Your assignment – Output every line of the material exactly, omitting images.

Recorded information –

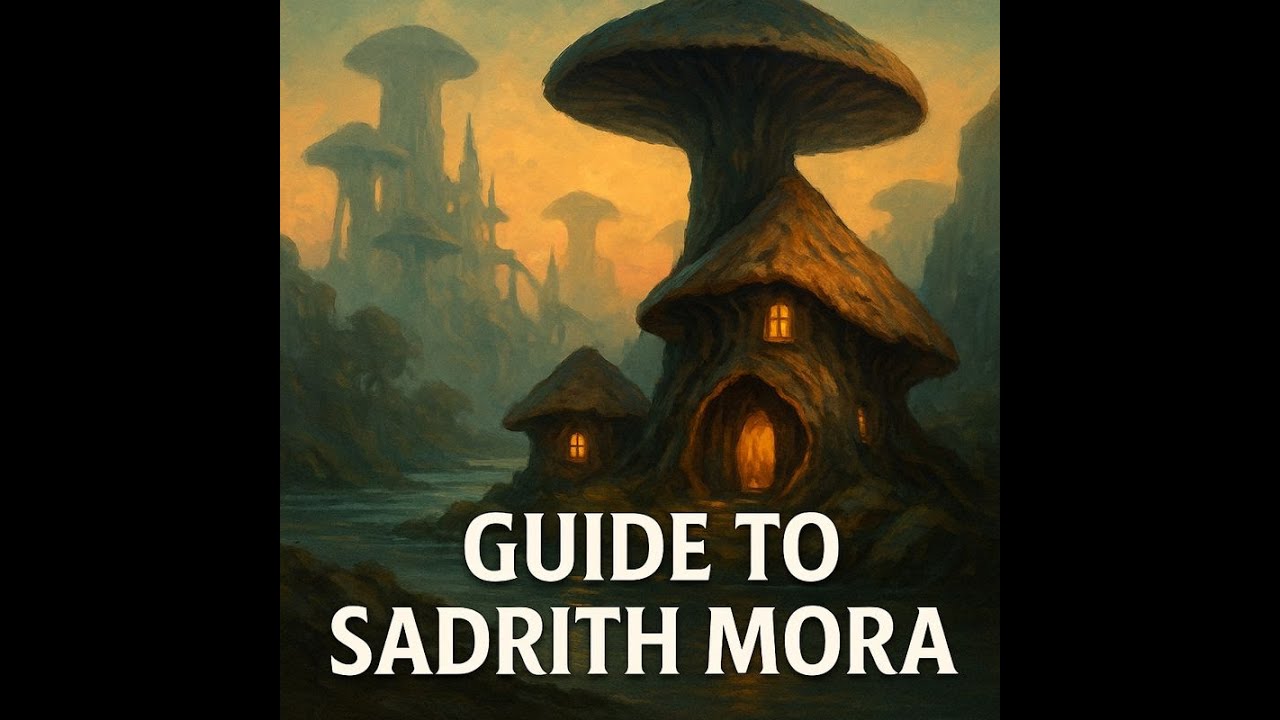 Guide to Sadrith Mora | Morrowind Book Reading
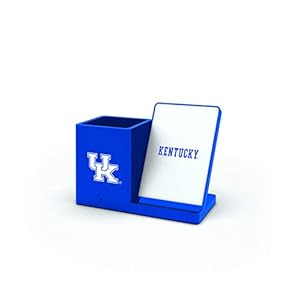 SOAR NCAA Wireless Cell Phone Charger and Desktop Organizer, Kentucky Wildcats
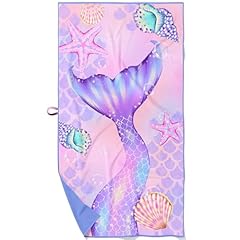 Mermaid beach towel for sale  Delivered anywhere in USA 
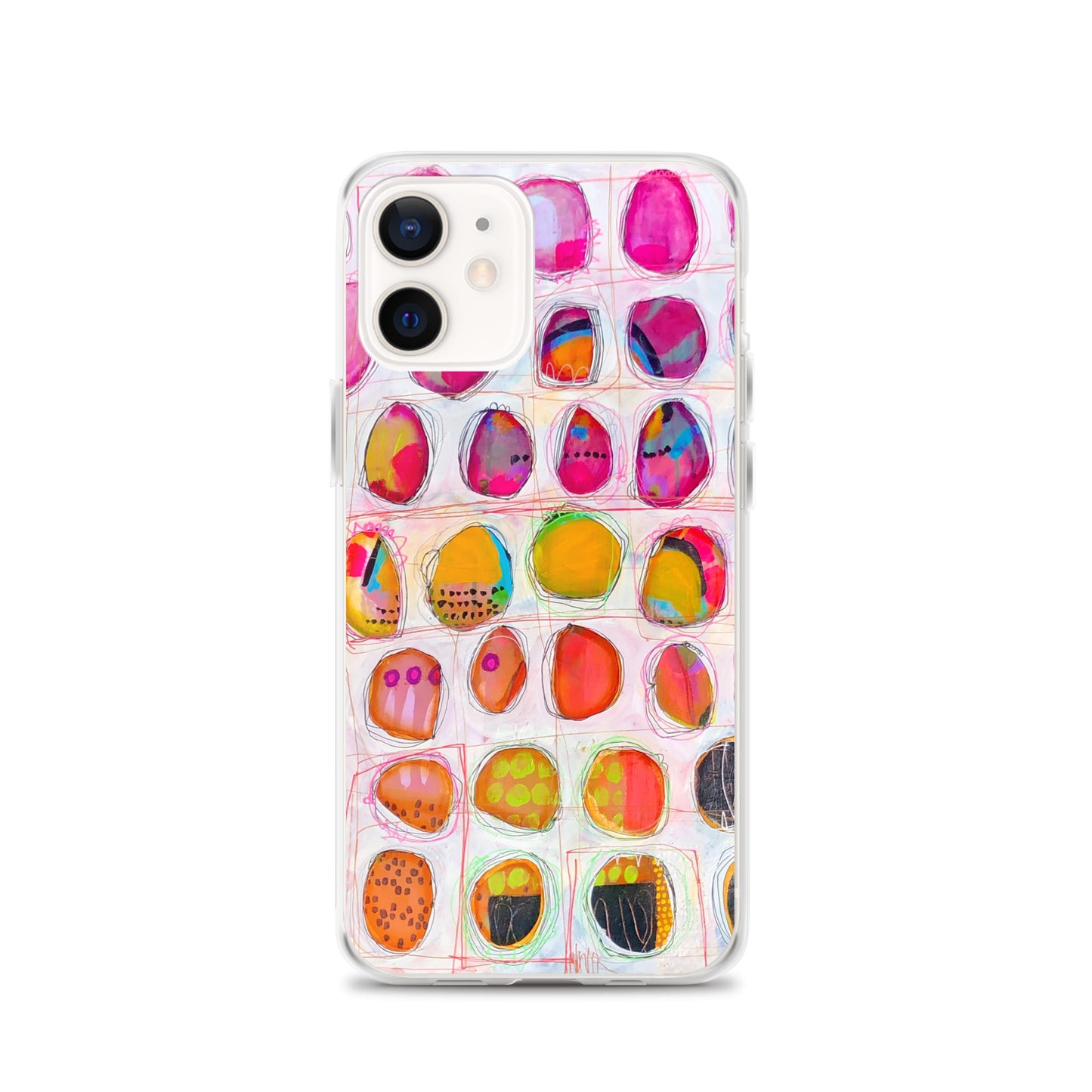 Running In Circles iPhone Case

Problem solution –
 Guide to Sadrith Mora | Morrowind Book Reading
 SOAR NCAA Wireless Cell Phone Charger and Desktop Organizer, Kentucky Wildcats
 Mermaid beach towel for sale  Delivered anywhere in USA 
 Running In Circles iPhone Case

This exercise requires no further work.